Ökumenisches Friedensgebet im Berner Münster
Zum ökumenischen Friedensgebet im Berner Münster hatte die Arbeitsgemeinschaft Christlicher Kirchen Schweiz (AGCK) am Freitag eingeladen. Trauriger Anlass war der Jahrestag der russischen Invasion in die Ukraine.
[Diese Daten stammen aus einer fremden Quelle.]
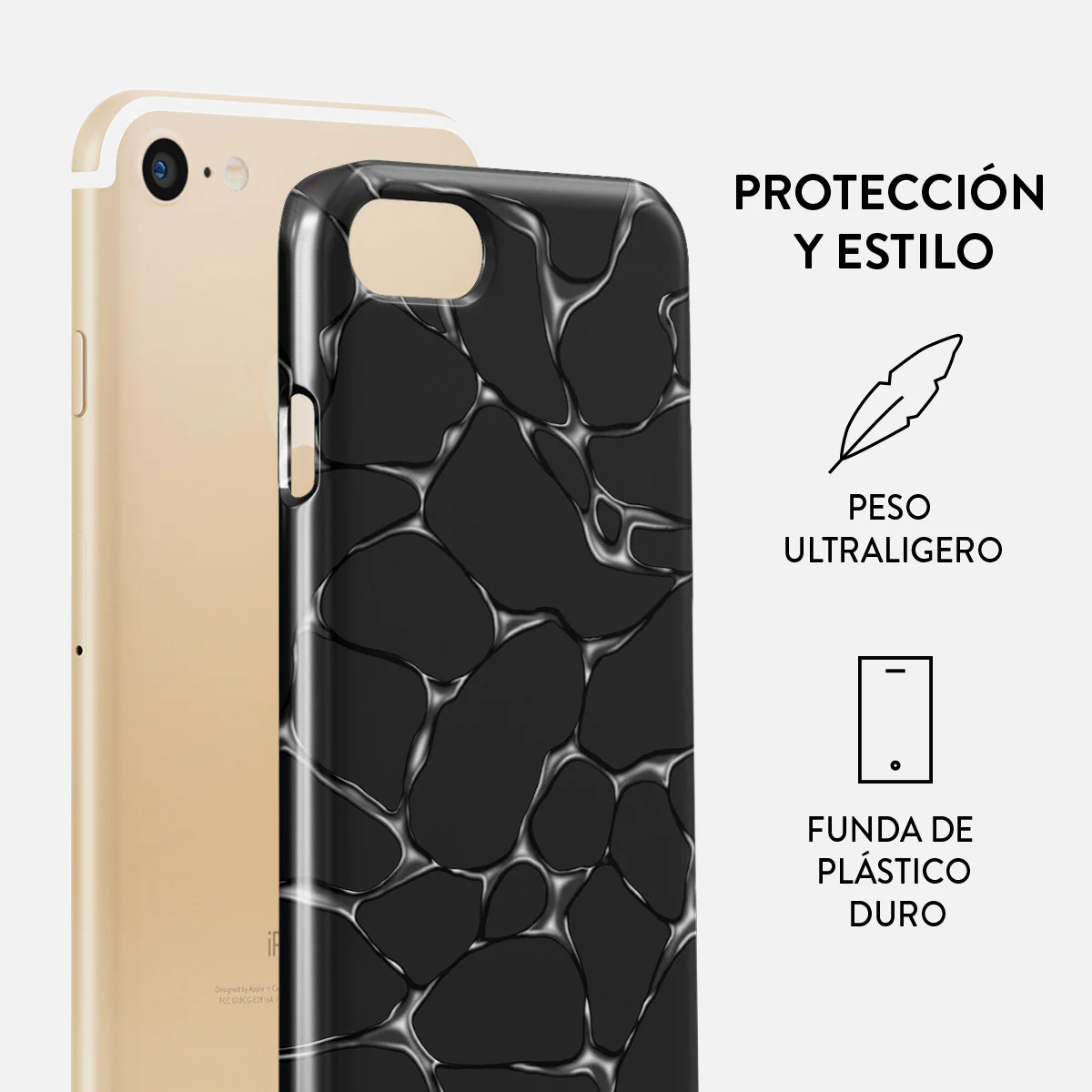 Void - iPhone SE (2020) Funda - Image 2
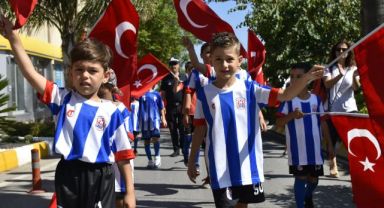 Atatürk’ün Urla’ya gelişinin 96. yıl dönümü coşku ile kutlandı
Text: Sylvia Stam, Fotos: Pia Neuenschwander
Das Berner Münster ist bis auf den letzten Platz besetzt. Schweigend ziehen die Liturg:innen ein, während vor der Tür die Guggenmusiken zur Kinderfasnacht aufspielen. Aus den meist schwarz oder weiss gekleideten Männern und Frauen sticht der gross gewachsene Nazar Zatorsky heraus, Priester der ukrainischen griechisch-katholischen Kirche, im goldbesticktem Priestergewand, ebenso Bischof Joseph Maria Bonnemain mit dem purpurnen Scheitelkäppchen.
«Wir wollen zu Gott beten, dass es irgendwo in diesem Konflikt einen Raum für die Sehnsucht nach Frieden gibt», sagt Jean-Yves Maillard, Präsident der AGCK in seinem Grusswort. «Einen Raum für die Vernunft, und um sich in die Lage des anderen zu versetzen und zu versuchen, ihn zu verstehen.»
Ein Politiker unter vielen Kirchenvertreter:innen
Viel Kirchenprominenz ist anwesend, in den vorderen Reihen sitzen der Einsiedler Abt Urban Federer, Marie-Luise Beyeler, Präsidentin des Landeskirchenrats der Landeskirche Bern, Jean-Marie Lovey, Bischof von Sitten, der christkatholische Bischof Harald Rein, und Davide Pesenti, Generalsekretär der Schweizer Bischofskonferenz. Auch sein Pendant bei der Römisch-Katholischen Zentralkonferenz, Urs Brosi, ist da, Rut-Maria Buschor, Äbtissin der Benediktinerinnen von Sarnen, sowie der ehemalige Zürcher Generalvikar Josef Annen.
Nationalratspräsident Martin Candinas ist der einzige Politiker, der an diesem bewusst apolitisch gehaltenen Friedensgebet spricht. Er erinnert daran, dass die Genfer Konventionen und die allgemeine Erklärung der Menschenrechte vor dem Hintergrund des Krieges entstanden seien. «Aus kleinen Flüssen werden grosse Ströme», so der Mitte-Politiker. Der erste Schritt sei, dass sich die Hoffnung auf Frieden verwirklichen möge. «Denn Hoffnung verleiht uns die Kraft zum Handeln.»
Kommen wir dem Frieden durch Gebete auch nur einen Schritt näher?
Rita Famos
Es ist viel von Hoffnung die Rede, und immer wieder wird in den Psalm- und Liedtexten um Frieden gebetet. «Doch kommen wir dem Frieden durch Gebete auch nur einen Schritt näher?», fragt Rita Famos, Präsidentin der Evangelischen Kirche Schweiz in ihrem «Wort zum Tag». «Ja, denn Gebet nährt die Gemeinschaft und Gebet führt ins Handeln», antwortet sie gleich selber. Die Liturgie schenke Worte gegen die Sprachlosigkeit, ihre uralten Rituale machten die Menschen in aller Ohnmacht handlungsfähig. «Im Beten halten wir unsere Angst und Unsicherheit vor Gott aus.»
Ein russischer und ein ukrainischer Priester
Höhepunkt der Feier sind die Fürbitten, die von Vertreter:innen verschiedener christlicher Gemeinschaften und Nationalitäten vorgetragen werden, darunter Wladimir Svystun, Priester der russisch-orthodoxen Kirche Bern, Jürg Bräker, Präsident der Arbeitsgemeinschaft christlicher Kirchen Region Bern und Nazar Zatorsky, Priester der ukrainischen griechisch-katholischen Kirche. Sie alle lesen einen kurzen Bibelvers, sprechen eine Fürbitte und zünden daraufhin eine Kerze an, die sie in ein mit Erde gefülltes Kreuz stellen.
Ehe die Teilnehmer:innen des Friedensgebets ein eindrückliches «Dona nobis pacem» anstimmen, erinnert Pierre-Yves Maillard daran, dass das Gebet um Frieden nicht aufhört. «Es soll uns weiterhin begleiten, Tag für Tag.»